魔力測定
「あ、そうだ。せっかくなんで、クルトさん達も魔力を測っていきませんか?」
話もまとまり、じゃあ今日はこのくらいで……となった帰り際。ふとハーマンさんがそう提案してきた。その言葉に俺達は、改めてテーブルの上に置かれている歯車式魔力測定器に視線を落とす。
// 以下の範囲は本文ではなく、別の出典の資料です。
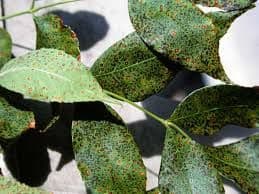 Leaf Spot Disease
「魔力測定ですか……でも俺、大した魔力ないですよ?」
「それは別にいいんですよ。魔力の多い方だけじゃなく、少ない方でも正確に測れるのが重要ですし、何よりこういうのはサンプルが多い方がいいですからね」
「そういうことなら…………はは、是非お願いします」
チラリと横を見ると、ローズが目をキラキラさせて「やってみたい」と無言で訴えている。なら俺としてもちょっと興味はあるし、やってみてもいいだろう。
「それで、俺はどうすればいいんですか?」
「簡単ですよ。この測定器のここ、黒い部分に指で触れればいいだけです」
「へー、随分簡単ですね。俺てっきり、血を採って垂らすとか、全力で魔力を送るとか、そういう感じだと思ったんですけど……」
「血で測るというのは昔からある手法ですけど、あれは設備や環境を整えないと結構な誤差が出ますからね。王族や大貴族のご子息ならともかく、一般人が簡単にやるのは難しい……というより、その場合の測定結果は大分適当になります。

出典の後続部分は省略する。